A beleza feminina é um conceito que é colorido por dinâmicas de poder e simbolismo. Tem ideais clássicos, mas metas sempre em mudança, dependendo da década ou era. E como muito do que é feminino, também é ridicularizado. Preocupação excessiva com a beleza, em si mesmo ou em outros, muitas vezes é vista como frívola, mesmo enquanto sua moeda social - e o fato de ainda ser moeda - permanecem elementos fascinantes da cultura e sociedade ocidentais. Tudo isso para dizer: qualquer pessoa em evidência que recebe o título de "a mulher mais bonita" é entregue algo como um cálice envenenado.

Gene Tierney foi uma das muitas atrizes em Hollywood, passado e presente, que foram assim rotuladas, "indiscutivelmente a mulher mais bonita da história do cinema" pelo chefe de estúdio Darryl Zanuck. Abençoada com olhos azul-aqua, semelhantes aos de um gato, e um rosto assustadoramente simétrico, ela era quase boneca em sua aparência; uma impressão auxiliada pelos lábios vermelhos cuidadosamente pintados de sua era. Ela se tornou famosa no início dos anos 1940, uma época de bombshell e pin-up. Se suas contemporâneas na beleza da tela de Hollywood eram nomes como Rita Hayworth, Ava Gardner e outras, certamente dizia algo que Tierney era consistentemente referida como a mais bela de todas.
No Instituto de Cinema Britânico de abril, Fora das Sombras: Os Filmes de Gene Tierney, a programadora Aga Baranowska busca destacar uma atriz cujo trabalho foi ofuscado por esse fato. E ao exibir uma variedade de seus filmes menos vistos, também levanta algumas questões interessantes sobre o que o poder finito da beleza faz à mulher que o possui quando é projetado em uma tela de cinema.

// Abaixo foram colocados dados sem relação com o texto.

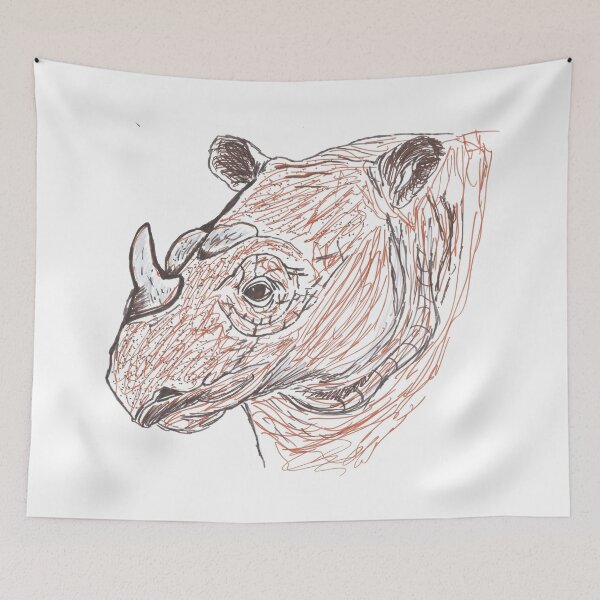 Item preview, Sumatran Rhino designed and sold by ayaminlove.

A carreira de Tierney começou no início dos anos 1940, quando ela foi contratada pela primeira vez pela 20th-Century Fox aos 19 anos. Ela veio de uma família rica em Fairfield, Connecticut, onde fez sua estreia na sociedade aos 17 anos, e era esperado que ela logo se casasse com um rapaz de Yale. Após algumas pequenas partes na Broadway, sua deslumbrante beleza rapidamente atraiu a atenção dos estúdios, e seu primeiro grande papel no cinema veio em 1942, com a comédia maluca Rings on her Fingers, ao lado de Henry Fonda.

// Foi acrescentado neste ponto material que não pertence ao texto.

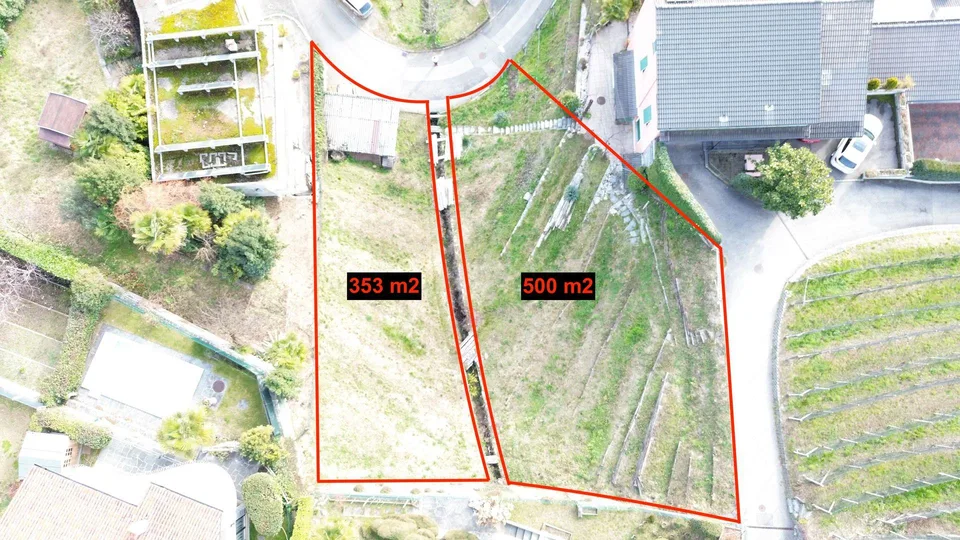 Terreno edificabile con progetto approvato e vista lago a Gordola |...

A divulgação quase sempre apresentava - e exagerava - seu histórico de alta sociedade, e sua persona de elegância fria e compostura de dama. Mas isso não disfarçava completamente o fato de que a Fox muitas vezes não sabia o que fazer com Tierney. Eles falavam dela como uma debutante, mas a escalavam em uma variedade de partes na tentativa de descobrir onde ela se encaixava. Muito sensual para a comédia e muito refinada para parecer de baixa origem, a irlandesa-americana até se viu escalada em várias partes racialmente ambíguas, com sua pele intencionalmente escurecida ou seus olhos alongados com maquiagem para lhe dar o visual "exótico" então na moda (e profundamente problemático).

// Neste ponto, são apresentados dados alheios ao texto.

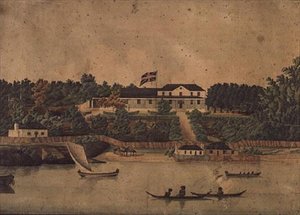 First Government House, Sydney, c.1807 by John Eyre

Mas Tierney parecia ter um talento especial para o film noir acima de tudo. Havia seus dois filmes mais conhecidos - Leave Her to Heaven (1945) e Laura (1944) - seu trabalho com o diretor Otto Preminger em Where the Sidewalk Ends e Whirlpool, dois outros sombrios filmes noir lançados em 1950 que a veem estrelar ao lado do protagonista Dana Andrews, também se destacam entre seus melhores. No noir londrino Night and the City (também de 1950), ela tem um pouco menos para fazer, mas o filme é estelar. Tierney tinha um talento para revelar vulnerabilidade sob uma aparência gélida, e podia transformá-la não apenas em filmes de crime, mas em drama sério, como na subestimada adaptação de W Somerset Maugham, The Razor's Edge (1946).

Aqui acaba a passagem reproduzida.